For the second consecutive year, The Business Council has helped New York's business community effectively reduce its own taxes by pre-paying unemployment insurance (UI) taxes.

Because businesses pre-paid more than $62 million in UI taxes in December, UI taxes on all employers in the state will be reduced by some $210 million in 1999, said Business Council President Daniel B. Walsh.

The new tax cut comes one year after the first such effort, which The Business Council conceived and dubbed "Operation Pre-Pay." That Business Council initiative resulted in a $420 million reduction in New York State employers' 1998 UI taxes.

In that campaign, The Council blitzed employers around the state with phone calls, letters, and faxes urging pre-payments.

The first Operation Pre-Pay campaign was mounted after Richard Schwarz, The Council's tax specialist, calculated that early payments of UI taxes in 1998 would push the state's UI trust fund above $930 million, automatically triggering a reduction in UI tax rates.

The December 1998 initiative resulted in UI pre-payments of $62 million, about $5 million more than was needed to trigger a tax rate reduction of up to 0.4 percent.

As a result, approximately 80 percent of all New York state employers will see 1999 rate reductions of 0.4 percent, saving them $34 per employee in 1999 compared to what they otherwise would have paid, Schwarz said.

All other employers-those with the three best experience ratings-will have their rates reduced by 0.3, 0.2, and 0.1 percent, saving $25.50, $17, and $8.50 per employee, Schwarz said.

However, these employers with the best experience ratings will save another $45.50 per employee as a result of the new financing law enacted in June 1998. That law, which The Business Council helped negotiate, was specifically intended to reward employers with good experience ratings.

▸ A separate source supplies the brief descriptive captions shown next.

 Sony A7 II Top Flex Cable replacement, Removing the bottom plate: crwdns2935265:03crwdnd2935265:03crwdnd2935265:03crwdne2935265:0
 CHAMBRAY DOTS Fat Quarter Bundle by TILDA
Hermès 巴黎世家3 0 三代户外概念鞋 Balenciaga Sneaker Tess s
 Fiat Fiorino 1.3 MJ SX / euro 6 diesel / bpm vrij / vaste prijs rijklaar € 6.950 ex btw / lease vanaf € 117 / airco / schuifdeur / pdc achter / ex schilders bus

Employers' savings from that law have been estimated in the hundreds of millions of dollars.

In addition, employers saved as much as $63 per employee last year as a result of the initial Operation Pre-Pay effort.

As a result of that effort, employers pre-paid $171.2 million to 2,506 employer accounts over a six-week period.

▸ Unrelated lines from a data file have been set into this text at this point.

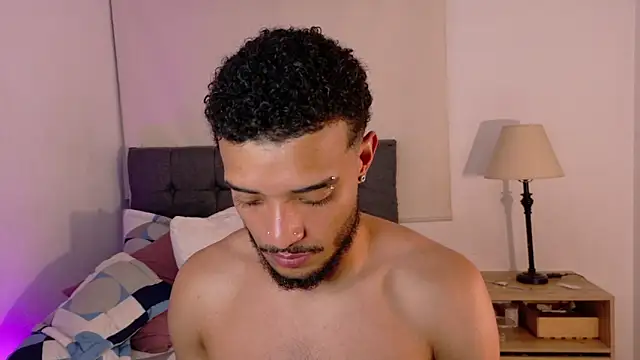 eross chipre  online show from 04/10/26, 03:01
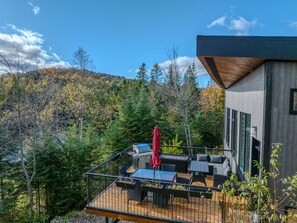 Outdoor dining - Haven of peace where aesthetics and comfort harmoniously converge. (Ste-Lucie-des-Laurentides)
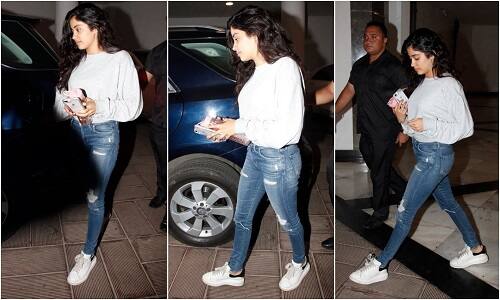 फिल्ममेकर बोनी कपूर और दिवंगत बॉलीवुड अभिनेत्री श्रीदेवी की बेटी जाह्नवी कपूर हाल ही में फैशन डिजाइनर मनीष मल्होत्रा के घर से बाहर आती स्पॉट की गईं. उनकी इस दौरान की तस्वीरें देखने के लिए रुख कीजिए आगे की स्लाइड्स का. (तस्वीर: मानव मंगलानी)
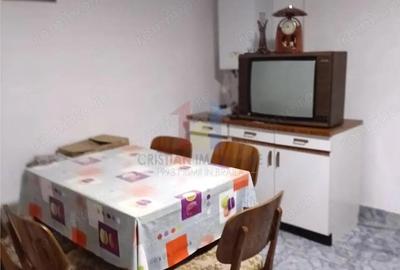 Casă cu 4 camere cu Teren 235 Mp în Central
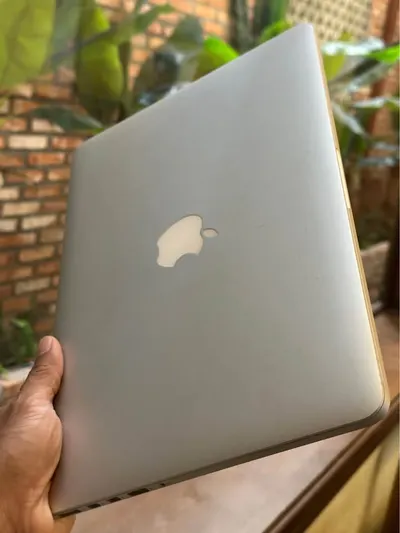MacBook Pro 2015 13in (Japan), i5 / 8GB / 256GB — 5/9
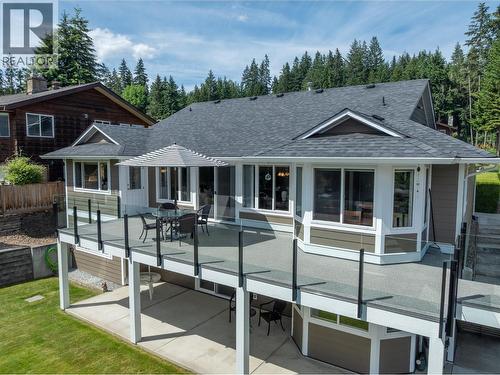 2934 Juniper Crescent, Sorrento, BC 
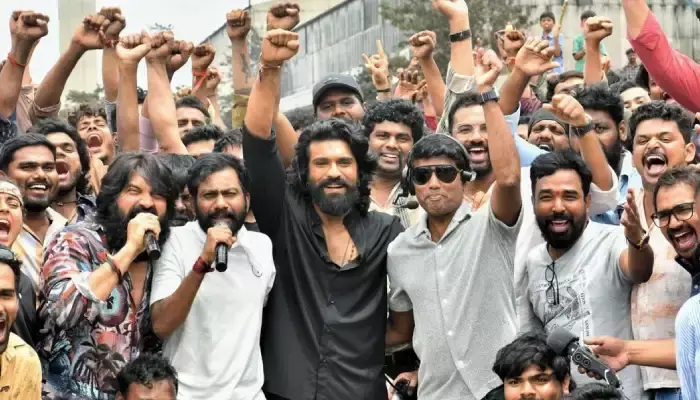 Peddi: 1000 మందికి పైగా డ్యాన్సర్స్‌తో సాంగ్..రంగంలోకి జానీ మాస్టర్ !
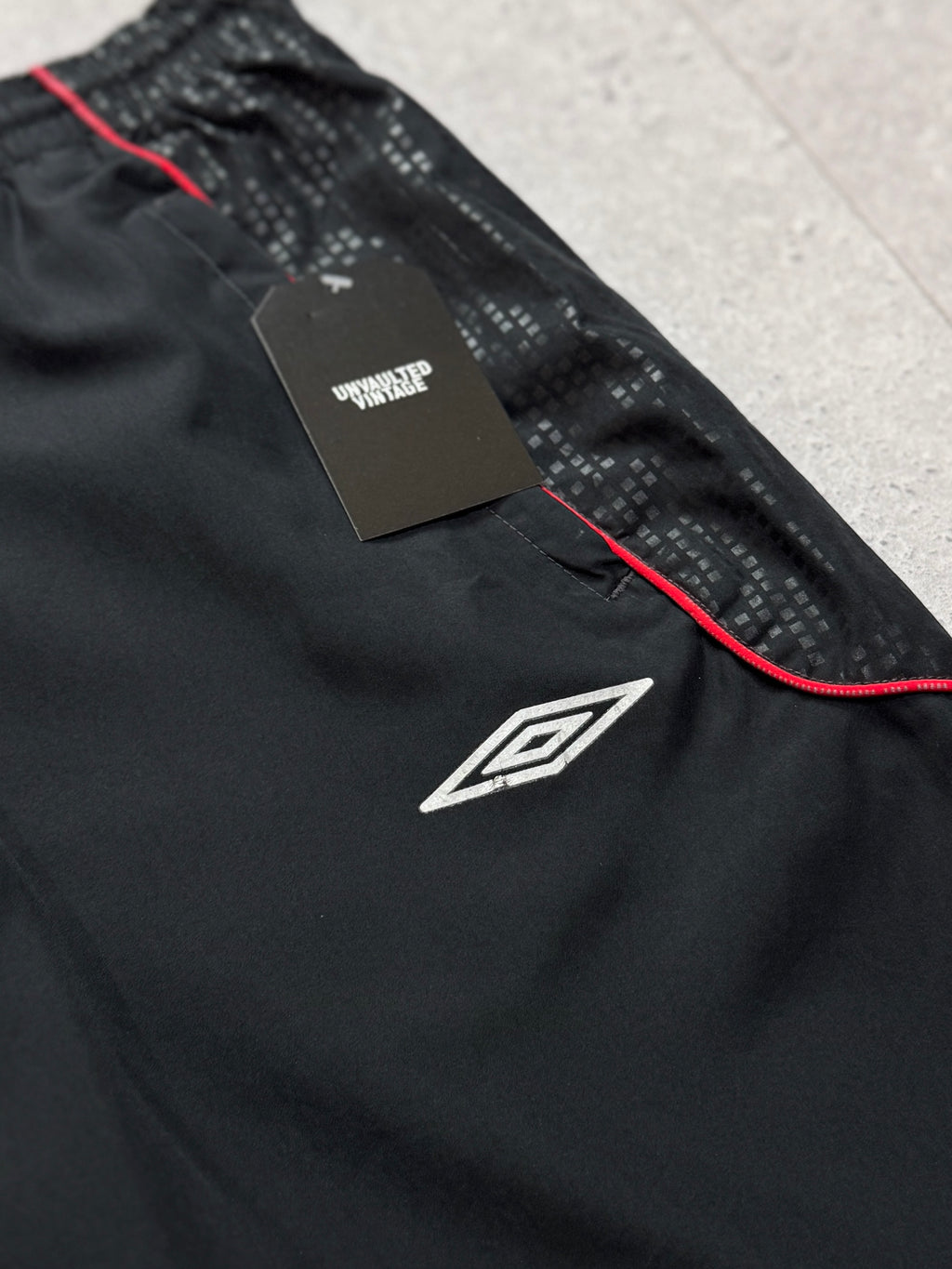 Vintage 2000s Umbro 3/4 Track Shorts (XL)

In last month's pre-payment effort, 56 employers made pre-payments to 121 separate employer accounts after a hectic three-week period in December when employers that could make sufficient pre-payments were identified and urged to pre-pay, Schwarz said.

The state Department of Labor is expected to mail information on 1999 UI tax rates to employers between February 16 and March 9.

An employer's 1999 UI tax rate is determined by three factors: the balance of the Unemployment Compensation Trust Fund on December 31, 1998; the employer's own experience with employment in previous years; and the new financing law passed by the Legislature last June.